For better experience, JavaScript is recommended for this website. Enable JavaScript in your browser
Courtesy of

Data-Driven Discovery

Data Science Environments

In November 2013, we announced a bold new partnership to harness the potential of data scientists and big data for basic research and scientific discovery. With our partners, we launched three Data Science Environments at New York University, the University of California, Berkeley and theUniversity of Washington with ​funding from the Gordon and Betty Moore Foundation and Alfred P. Sloan Foundation. ​This is ​a five-year, $37.8 million cross-institutional effort to bring data science to the forefront of cross-disciplinary academic research.

The Data Science Environments are working to bring about institutional change via campus-wide experimentation to catalyze a new era of research: cross-disciplinary efforts working towards new approaches to data-intensive discovery. At a time when the life, physical, mathematical, and computational sciences are all producing data with relentlessly increasing volume, variety and velocity, capturing the full potential of a progressively data-rich world has become a daunting hurdle for researchers.

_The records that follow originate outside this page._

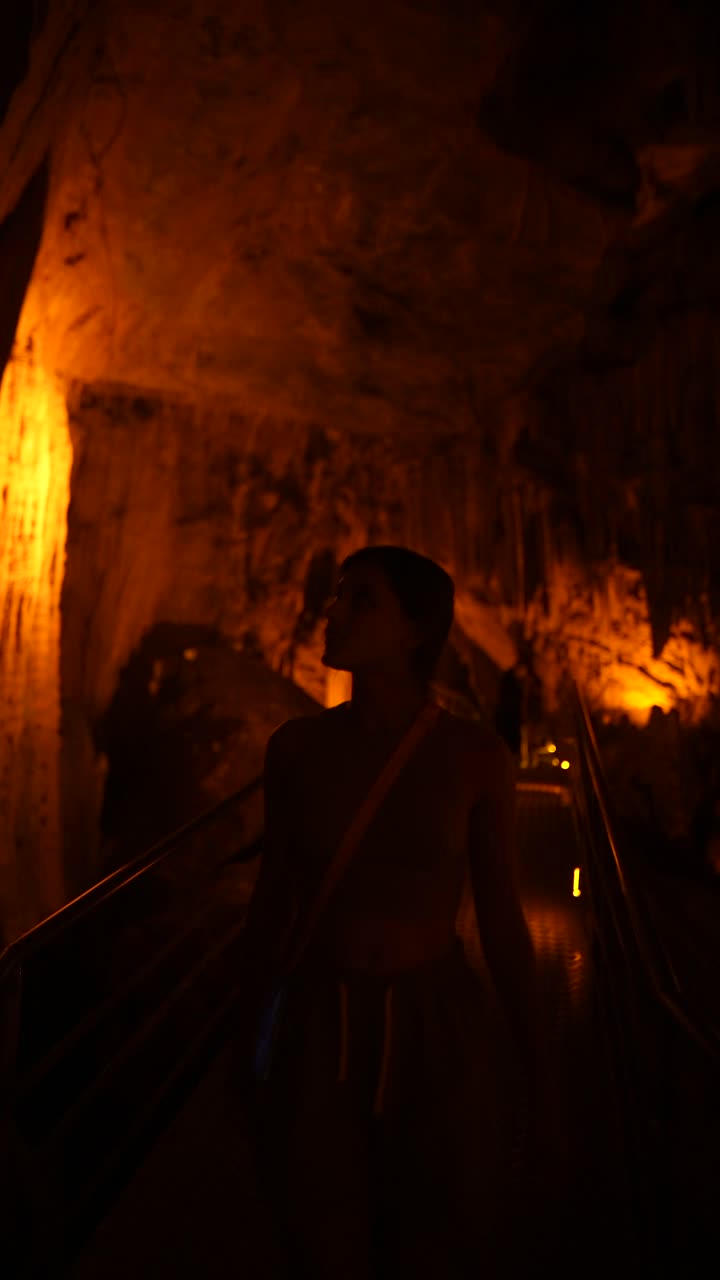 Woman Exploring a Cave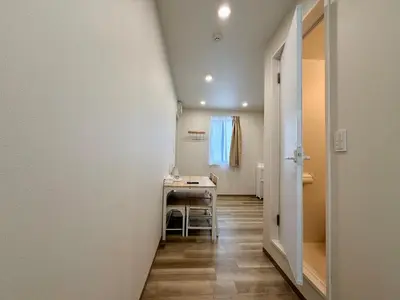 a hallway with a table and chairs in a room at Hanshe Hotel Sumida No 3, Skytree & Asakusa 天空树 浅草 in Tokyo
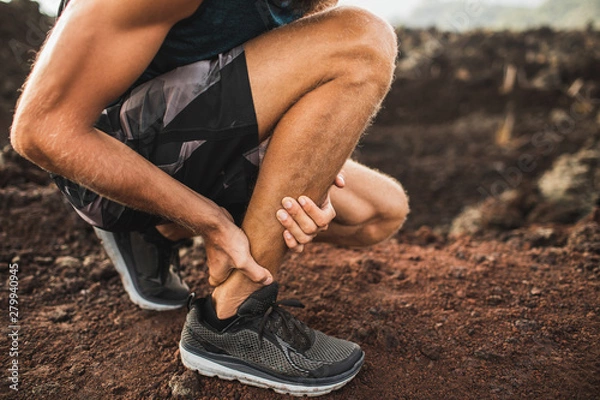 Fototapeta Achilles injury on running outdoors. Man holding Achilles tendon by hands close-up and suffering with pain. Sprain ligament or Achilles tendonitis.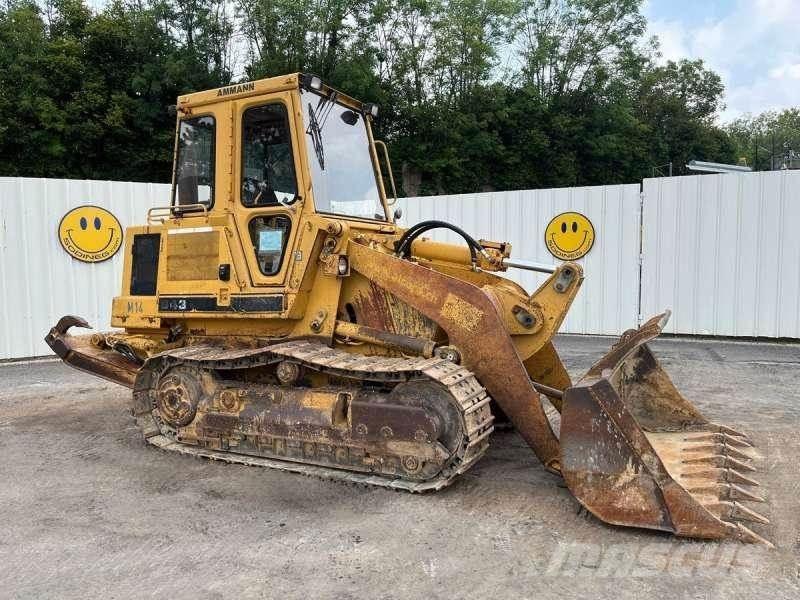 CAT 943 Гусеничні вантажники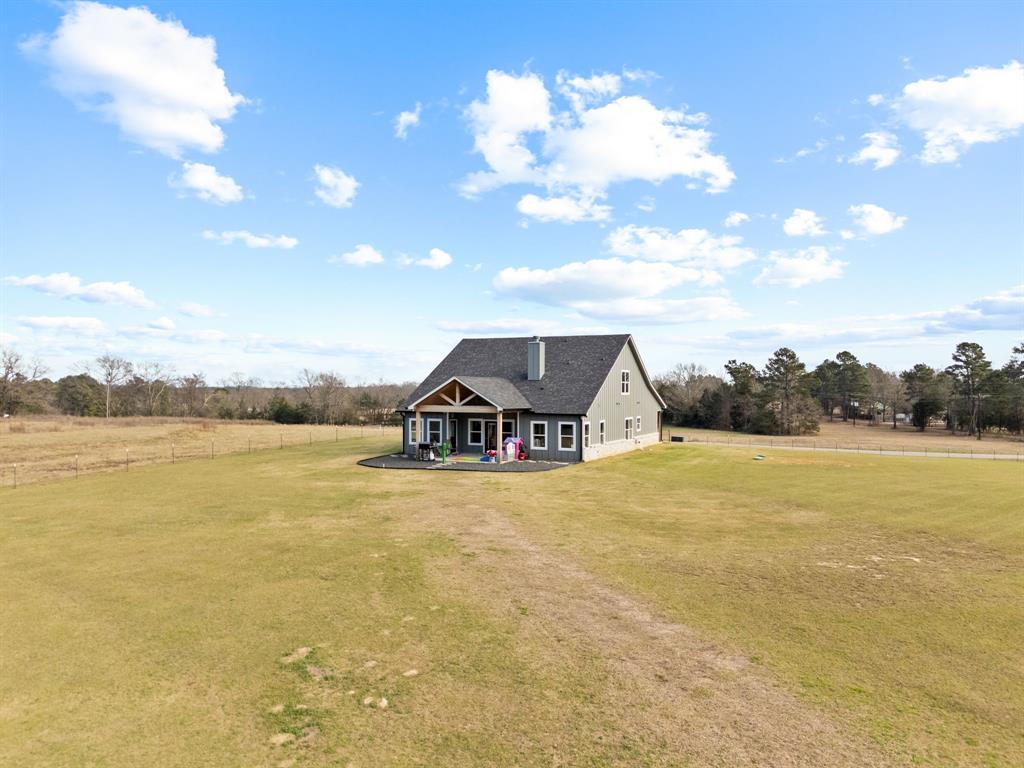 12754 Ridgeway Court Winona, TX 75792 - Photo 35 of 38 a view of house with yard and ocean view
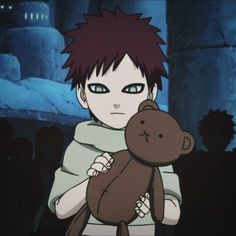 a boy holding a teddy bear in his arms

At the intersection of natural science, computation and mathematics, data science is already contributing to scientific discovery, yet substantial systemic challenges need to be overcome to maximize its impact on academic research. This ambitious partnership will spur collaborations within and across the three campuses and with other partners pursuing similar data-intensive science goals.



This project seeks to achieve three core goals:

  • Develop meaningful and sustained interactions and collaborations between researchers with backgrounds in specific subjects (such as astrophysics, genetics, economics), and in the methodology fields (such as computer science, statistics and applied mathematics), with the specific aim of recognizing what it takes to move each of the sciences forward;
  • Establish career paths that are long-term and sustainable, using alternative metrics and reward structures to retain a new generation of scientists whose research focuses on the multi-disciplinary analysis of massive, noisy, and complex scientific data and the development of the tools and techniques that enable this analysis; and
  • Build on current academic and industrial efforts to work towards an ecosystem of analytical tools and research practices that is sustainable, reusable, extensible, easy to translate across research areas, and enables researchers to spend more time focusing on their science.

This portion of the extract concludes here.